=== Section Start ===
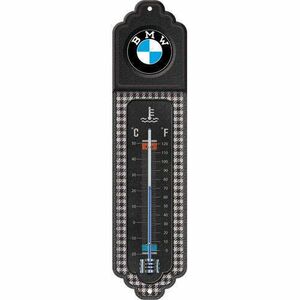 BMW Pepita - Fém hőmérő kép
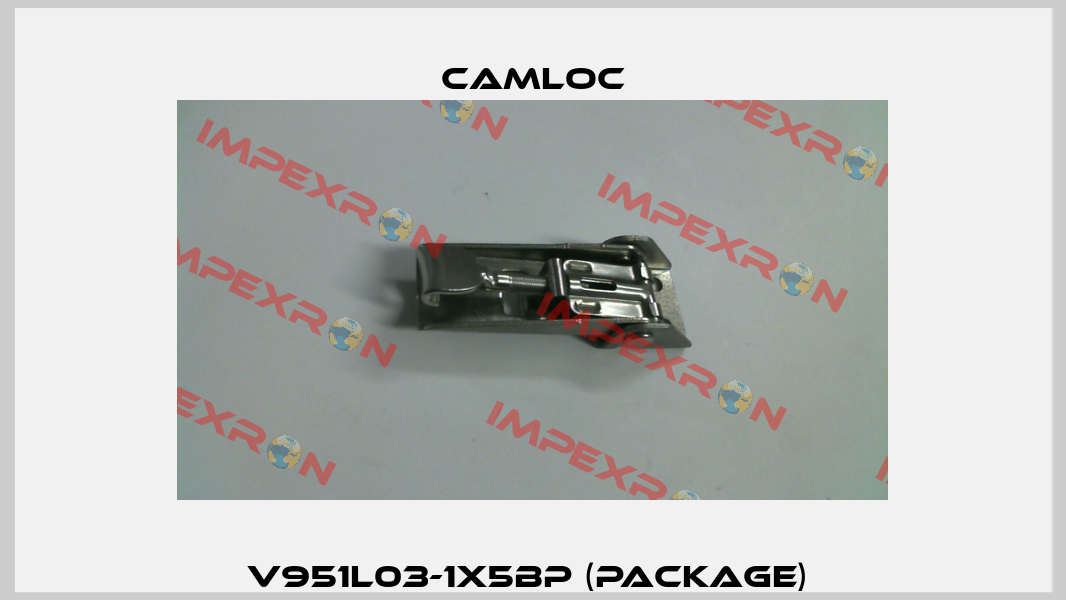 V951L03-1X5BP (package)  Camloc
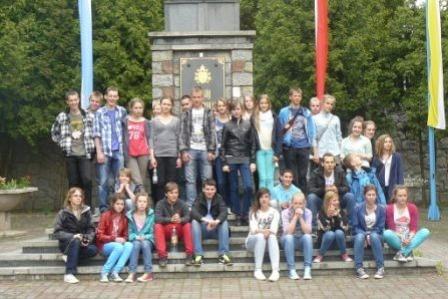 Gminna Orkiestra Dęta z Lini na V Ogólnopolskim Zlocie Chórów i Orkiestr w Licheniu 25.05.2013r.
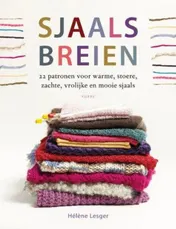 Omslag van Sjaals breien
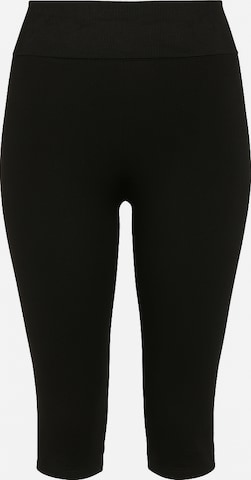 Skinny Leggings Alexa Dash en noir : devant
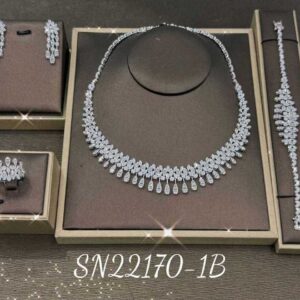 Necklace SN22170-1B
=== Section End ===
[About this exercise]
Repeat exactly, please: transcribe each entry and leave out the pictures.

[Answer to the problem]
 BMW Pepita - Fém hőmérő kép
 V951L03-1X5BP (package)  Camloc
 Gminna Orkiestra Dęta z Lini na V Ogólnopolskim Zlocie Chórów i Orkiestr w Licheniu 25.05.2013r.
 Omslag van Sjaals breien
 Skinny Leggings Alexa Dash en noir : devant
 Necklace SN22170-1B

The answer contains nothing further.